La Vierge apparaît pour la troisième fois. « Va chez mes très chères filles, les Pieuses Enseignantes Filippini et dis-leur de prier pour les incrédules du quartier », lui demande-t-Elle. Bruno se lie d’amitié avec ces religieuses. Il scolarise ses enfants dans leur établissement. Quelques mois plus tard, il fonde l’« Opera SACRI » à son domicile, sorte de groupe de prière et d’évangélisation.

La rumeur des apparitions grandit. Bruno et les enfants sont convoqués au commissariat de l’Appio pour y être interrogés tous ensemble puis chacun séparément. Leurs témoignages concordent parfaitement. Le commissaire envoie à la grotte deux gardes pour assurer l’ordre. Des guérisons sont signalées. Carlo Mancuso, huissier municipal, est guéri d’une fracture du bassin et de l’avant-bras droit provoquée par une chute dans une cage d’escalier. Le 21 juin 1947, le docteur Giuseppe Del Duca confirme par écrit cette guérison. Le surlendemain, Mafalda Anastasi, asthmatique, répand sur elle un peu de terre ramassée à la grotte : elle est guérie. Le docteur Rocco Lafrate reconnaît les faits.

Le 9 décembre 1949, Bruno rencontre Pie XII. Il lui remet un poignard avec lequel il envisageait de le tuer avant les apparitions et sur lequel il avait gravé : « Mort au pape ».

Le culte public de la Vierge de la Révélation est autorisé. Le 9 juillet 1956, les Franciscains conventuels deviennent gardiens du sanctuaire. Italiens et étrangers viennent en foule.

Le 12 avril 1980, de dix-sept heures cinquante à dix-huit heures vingt, des « signes dans le soleil » sont allégués par des témoins, dont Mgr Osvaldo Balducci. Certains aperçoivent le soleil qui tournoie dans le ciel, la Vierge avec une couronne de douze étoiles, le Christ assis sur un trône, une colombe lumineuse, etc.

En 1981, le père Vitale Bommarco, ministre général des Franciscains conventuels, cède la custodie du sanctuaire à la province romaine.

Le 23 février 1982, 10 000 personnes prient à la grotte.

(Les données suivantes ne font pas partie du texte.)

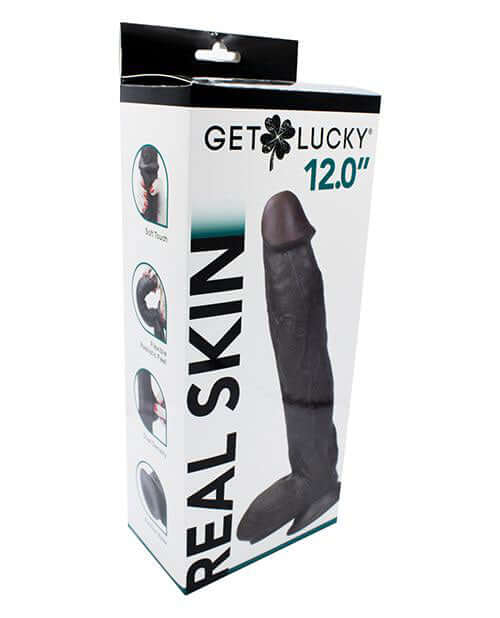 Real Skin 12 Inch Dual Layer Dong Dark Brown packaging, showcasing the ultra-realistic design and soft touch material.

Soudain, le soleil se met à « tournoyer », change d’intensité puis de couleur. Le père Boggioni, provincial des Marianistes à Rome, est témoin des faits.

La Vierge apparaît à Bruno et lui demande la construction d’une « maison-sanctuaire » en l’honneur de la Vierge de la Révélation : « Viendront y prier les assoiffés, les égarés. Ils y trouveront l’amour, la compréhension, la consolation : le vrai sens de la vie. Ici, dans cet endroit de la grotte où je suis apparue plusieurs fois, ce sera le sanctuaire de l’expiation, comme si c’était le purgatoire sur la Terre. Il y aura une porte au nom significatif de porte de la Paix. Tous devront entrer par cette porte », poursuit l’apparition.

Regina Apostolorum

Ce sanctuaire grandiose a été voulu par don Giacomo Alberione et inauguré durant l’année mariale 1954. C’est un centre de prière pour toutes les vocations.